September 4th, 2012    -    7 Comments

I’m a guest teacher this month at  Shambhala Publication’s Under 35 Project, where the topic is Experiencing Loss.

Under 35 is a site for young meditators to write about finding, beginning and encouraging a mindfulness practice. I hope you’ll visit and read this month’s submissions. If you’re a writer looking for a new venue, or a practitioner looking for support, please consider writing a short essay and contributing it to the site. It doesn’t matter to me if you’re under 35 or not. I view age limitations the same way I view loss: there’s no way over but through, and getting through is what makes a difference.

This remind me of a passage I came across in James Ishmael Ford’s book Zen Master Who? 

There are numerous stories about Maezumi Roshi’s teaching style, but one I particularly like has to do with a student who had been a professional dancer.
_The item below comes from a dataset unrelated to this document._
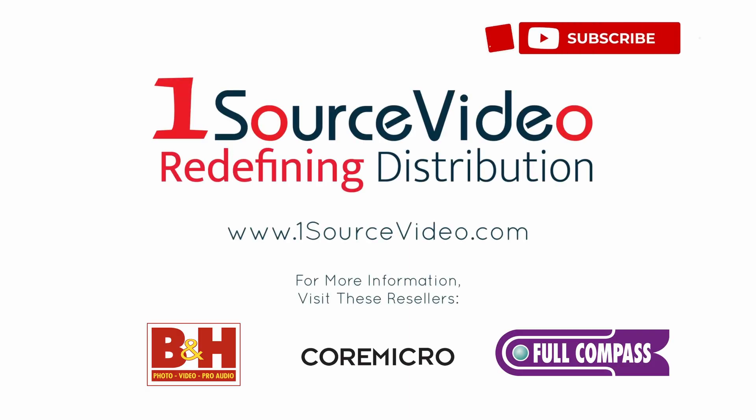To learn more about how Fujinon can help bring your production to the next level, check out onesourcevideo.com or visit your local reseller for more information.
As recounted in Sean Murphy’s One Bird, One Stone, the student had badly hurt one of her feet in an accident and was forced to retire from the stage. Embarrassed by her injury, she always kept her foot covered with a sock. In her first interview she asked Maezumi a question about her Zen practice. But he answered, “Never mind that. Tell me about your foot.” She was reluctant to talk but he insisted. She told him the story, weeping, and even took off her sock and showed him her foot.

Maezumi placed his hand silently on her foot. She looked up to find that he was crying too. Their exchanges went on like this for some time. Every time she asked the roshi about her practice, he’d ask about her foot instead, and they’d cry together. “You might think you have suffered terrible karma,” Maezumi told her, “But this is not the right way to think. Practice is about learning to turn disadvantage to great advantage.” Finally the day came when the student walked into the interview room and began to tell her teacher about her injury, but it summoned no tears from her. “Never mind about that,” Maezumi told her. “Let’s talk about your practice.”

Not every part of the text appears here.